September 27, 2013
New report on British Intellectual Property laws criticises UK government, hints at an ‘underlying agenda’ between Google and government
by Zeljka Marosevic
In a new report by the Culture, Media and Sport Committee, entitled “Supporting the Creative Economy”, the committee has strongly criticized the Hargreaves Review’s proposed changes to copyright and condemned the motives of big tech companies such as Google and the agenda of the British government. For those unfamiliar with the workings of British government, the committee is appointed by the House of Commons and is made up of MPs whose job it is to examine the expenditure, administration and policy of the Department for Culture, Media and Sport.
The Hargreaves Review of Intellectual Property and Growth was published in 2011 but after ‘subsequent public consultation’ and discussion, the committee has now published its own views on that review.

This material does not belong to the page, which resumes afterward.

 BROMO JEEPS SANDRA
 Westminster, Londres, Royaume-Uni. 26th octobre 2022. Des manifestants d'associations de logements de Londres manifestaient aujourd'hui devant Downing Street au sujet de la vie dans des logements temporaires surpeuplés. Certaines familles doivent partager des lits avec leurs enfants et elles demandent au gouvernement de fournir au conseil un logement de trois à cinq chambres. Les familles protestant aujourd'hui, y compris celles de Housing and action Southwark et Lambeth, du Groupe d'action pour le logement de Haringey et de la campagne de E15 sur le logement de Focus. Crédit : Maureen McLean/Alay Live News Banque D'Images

The report makes bold assertions on the question of Intellectual Property. Quite literally; the below point is printed in bold in the report, and it’s worth quoting in its entirety:
Following all the evidence we have received, we think Hargreaves is wrong in the benefits his report claims for his recommended changes to UK copyright law. We regret that the Hargreaves report adopts a significantly low standard in relation to the need for objective evidence in determining copyright policy. We do not consider Professor Hargreaves has adequately assessed the dangers of putting the established system of copyright at risk for no obvious benefit. We are deeply concerned that there is an underlying agenda driven at least partly by technology companies (Google foremost among them) which, if pursued uncritically, could cause irreversible damage to the creative sector on which the United Kingdom’s future prosperity will significantly depend.

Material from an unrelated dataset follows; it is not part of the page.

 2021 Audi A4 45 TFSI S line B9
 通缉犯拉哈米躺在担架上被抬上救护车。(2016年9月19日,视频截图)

The point about Google is an important one in the thorny issue of copyright change, because it is chiefly companies like Google who are pushing for changes which would make their objectives and plans for content domination easier to achieve. The report goes further in this regard, noting the ‘numerous complaints across the creative spectrum about the perceived power and influence of Google in the Government’s inner, policy-making sanctum.’ It then quotes the Parliamentary Under-Secretary of State for Intellectual Property, Viscount Younger of Leckie (now my favourite Viscount):
“Google is one of several search engines…and I am very aware of their power, put it that way. I am also very aware, I think, that they have access, for whatever reason, to higher levels than me in No. 10, I understand.”

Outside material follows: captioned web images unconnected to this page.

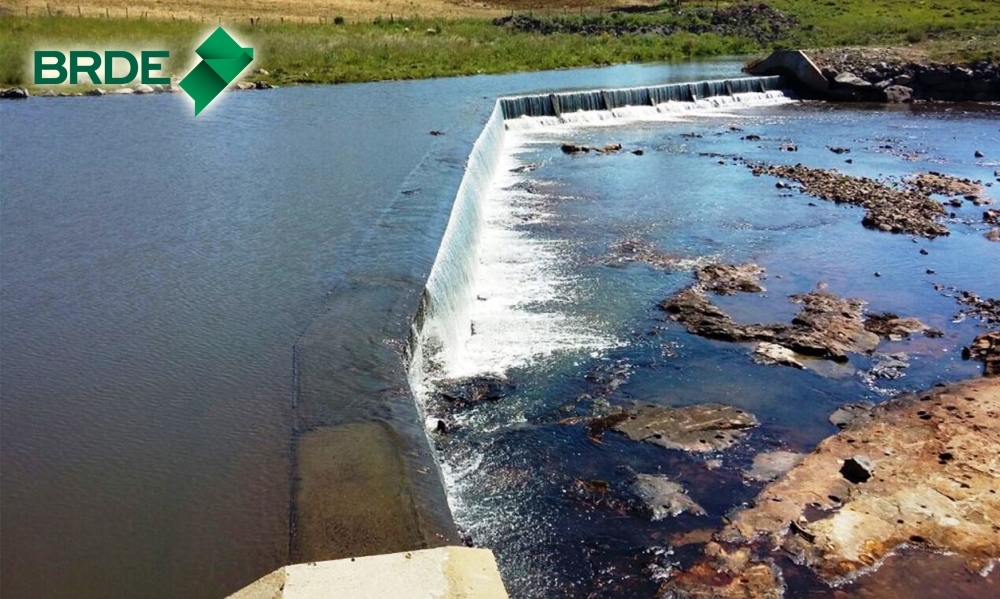 O barramento (com comprimento de 83m e altura máxima de 1m) forma um lago com 0,17 hectares de área alagada - Divulgação/Mafrás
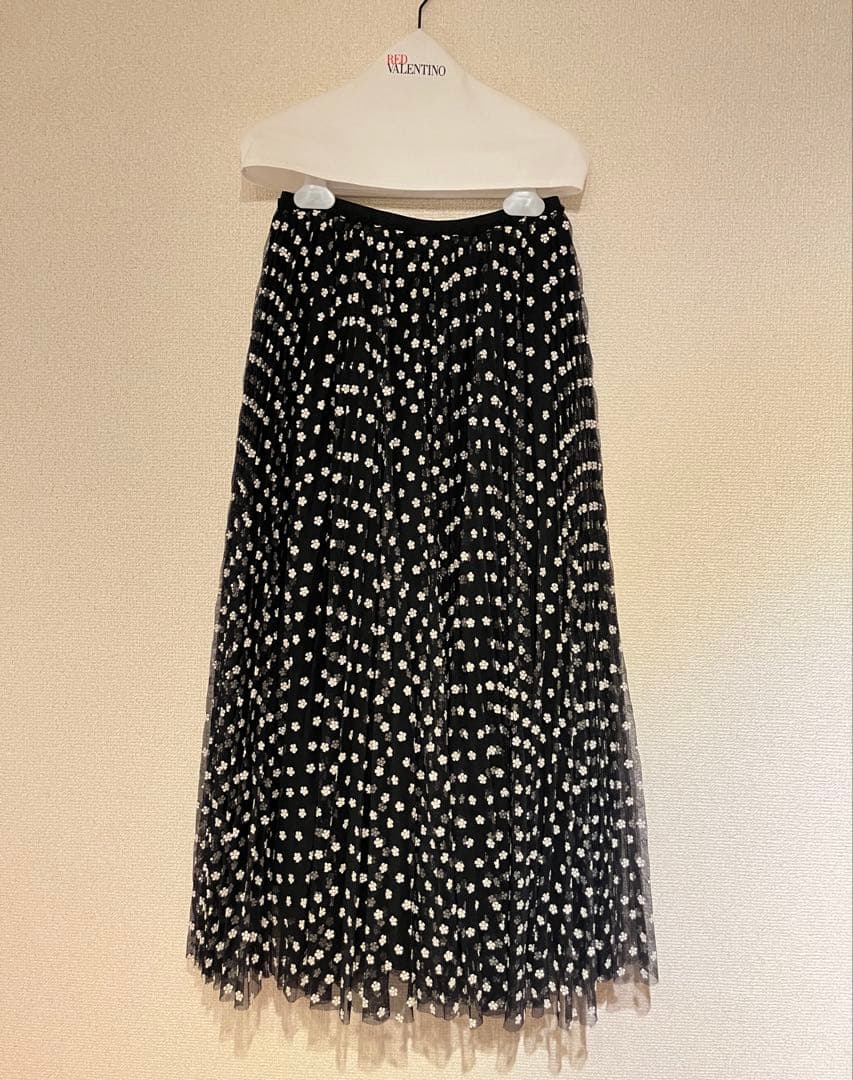 レッドバレンティノ 未使用 フラワーチュールスカート 38 滝沢眞紀子さん着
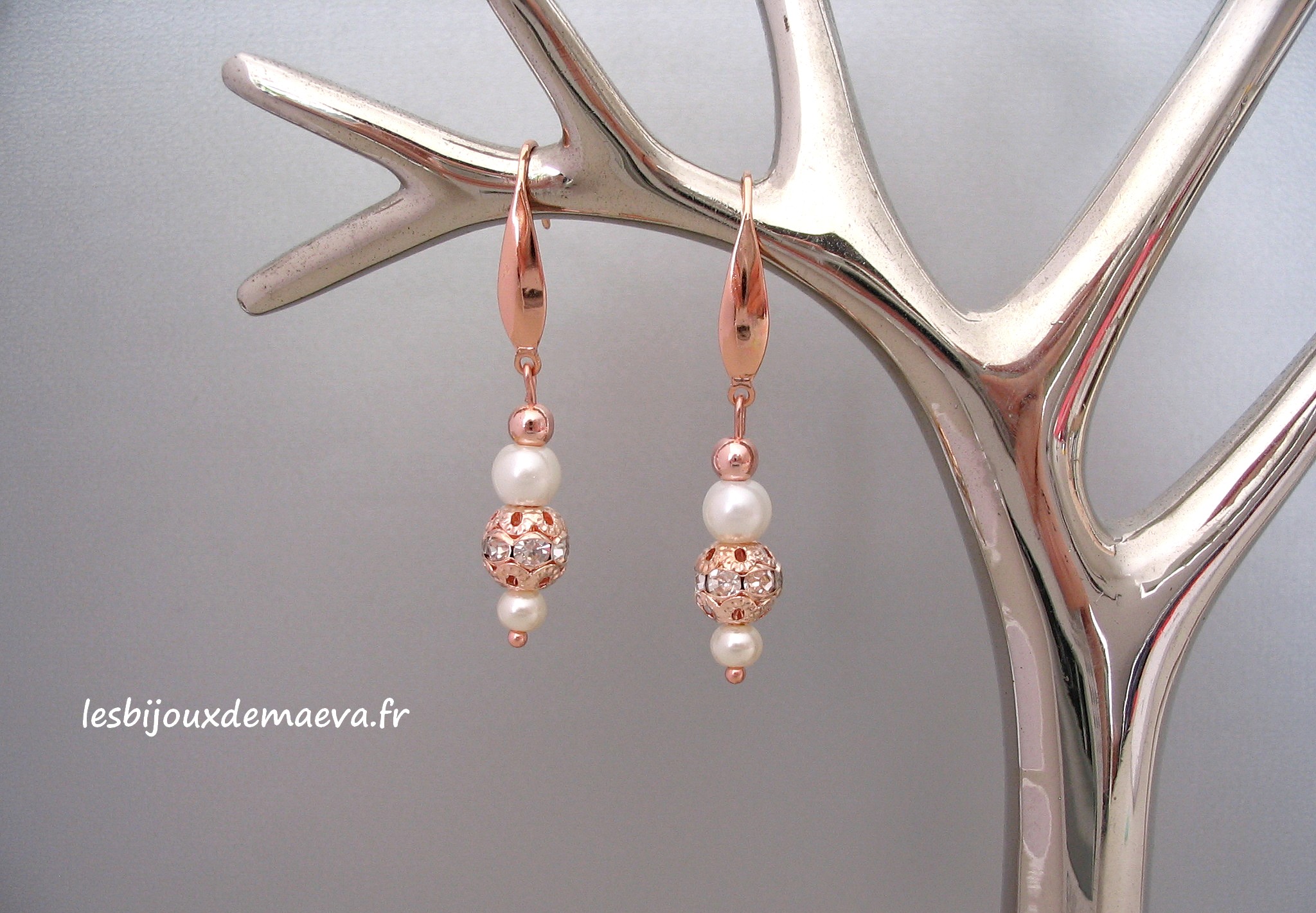 Boucles mariage perles strass et métal doré rose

His highly suggestive comments do well to echo the concern of many in publishing and in other creative industries that cabinet ministers are holding private meetings and are keen to curry favour with the big tech companies, while they possess too little concern for the creative industries. The report also raises the issue of corporation tax, which these companies do not pay and which the government has been slow to tackle, perhaps because of the cosy situation described above by my new favourite Viscount. Claire Enders of Enders Analysis, a company which provides a research service covering the media, entertainment and communications, is quoted saying:
“unless this organisation … is prepared to contribute to the skills base, to the education base, to the fabric of our society from which these creative works are developed, then I just don’t buy their argument at all because they are the prime beneficiaries of America fair use provisions. Therefore I mistrust their motives.”
Significantly, Google is held to account for its ‘derisorily ineffective’ response to preventing its search from leading users to sites that abuse copyright laws. The committee, again in bold, writes:
We do not believe it to be beyond the wit of the engineers employed by Google and others to demote and, ideally, remove copyright infringing material from search engine results. Google co-operates with law enforcement agencies to block child pornographic content from search results and it has provided no coherent, responsible answer as to why it cannot do the same for sites which blatantly, and illegally, offer pirated content.
Worryingly, many who offered their opinions spoke of a belief that the government, too, seemed less interested in protecting individual property rights than was necessary. The committee identified a need within government for ‘a powerful champion of IP with a duty to protect and promote the interests of UK IP…too often it is seen as wishing to dilute copyright rather than defend and enforce it.’
That champion is yet to emerge but it is a relief to finally hear legitimate concerns raised and upheld by a committee that wishes to protect individual artists in the digital world. The report is also proof that we still have far to go, with a government who does not appear to be in our favour.
Zeljka Marosevic is the managing director of Melville House UK.